„Krimi am Holzberg“ titelte MDR Sachsen Radio am 7. August. Zwei Tage zuvor hatte sich Ministerpräsident Michael Kretschmer persönlich eingeschaltet. Nun gibt es tatsächlich erste wirkliche Fortschritte bei der Rettung des „Natur-und Kletterparadieses Holzberg“ im Landkreis Leipzig. Das Allerwichtigste: Seit den Morgenstunden des 7. August steht am Holzberg endlich die Wasserpumpe still.

Das permanente Abpumpen über einen Zeitraum von mindestens 18 Monaten hinweg hatte zu einer Absenkung des Wasserspiegels um mehr als einen Meter geführt. Dadurch sind fast zwei Drittel der für den natürlichen Lebensraum im Holzberg existenziell notwendigen Flachwasserzone vorsätzlich trockengelegt worden, zieht die Bürgerinitiative Böhlitz Bilanz für den rücksichtslosen Versuch der Firma KAFRIL, das über 20 Jahre entstandene wertvolle Wasserbiotop trockenzulegen und die Grundlage zu schaffen, den einstigen Steinbruch mit Schutt zu verfüllen.

Ringsum vertrocknen im Landschaftsschutzgebiet „Hohburger Berge“ gerade tausende Bäume. Eine große Zahl von flachen Laichgewässern war schon zu Beginn des Frühjahrs ohne Wasser.
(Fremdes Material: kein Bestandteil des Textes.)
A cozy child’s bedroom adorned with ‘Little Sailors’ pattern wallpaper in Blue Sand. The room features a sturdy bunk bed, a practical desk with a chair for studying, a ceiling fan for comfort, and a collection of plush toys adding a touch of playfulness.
Die Amphibienbestände brechen in unserer Region dramatisch ein, da es unter dem Einfluss des Klimawandels immer weniger Feuchtgebiete und geeignete Laichplätze gibt, geht die Bürgerinitiative auf das Drama ein, das sich nach dem Trockenjahr 2018 und dem trockenen Frühjahr sowieso in Westsachsen abspielt.

Doch gleichzeitig versucht man, am Holzberg eine überregional bedeutende drei Hektar große Flachwasserzone trockenzulegen.
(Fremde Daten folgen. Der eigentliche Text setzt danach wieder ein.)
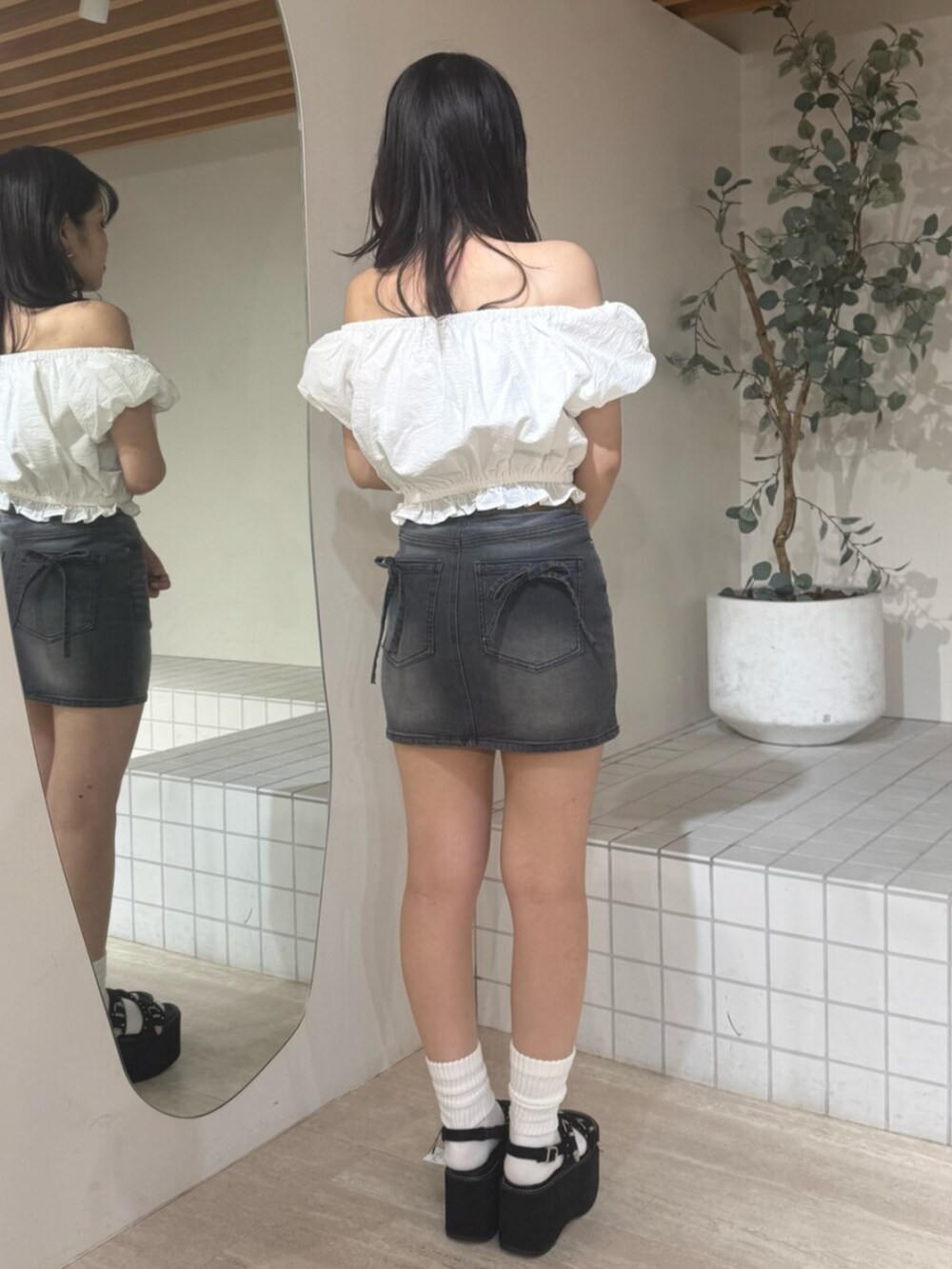 ホワイト系のシャツ/ブラウス、ブラック系のデニムスカート、ブラック系のサンダルを着用したレディースの夏コーディネートの3枚目の写真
Die zuständige Naturschutzbehörde des Landkreises Leipzig hat dem über Monate hinweg tatenlos zugesehen und obendrein das frevelhafte Treiben der dafür verantwortlichen Tiefbaufirma KAFRIL vor den politischen Gremien des Landes Sachsen, bis hin zum Landtag und zum Ministerium für Umwelt und Landwirtschaft, gerechtfertigt, kritisiert die Bürgerinitiative die seltsame Rolle der unteren Naturschutzbehörde.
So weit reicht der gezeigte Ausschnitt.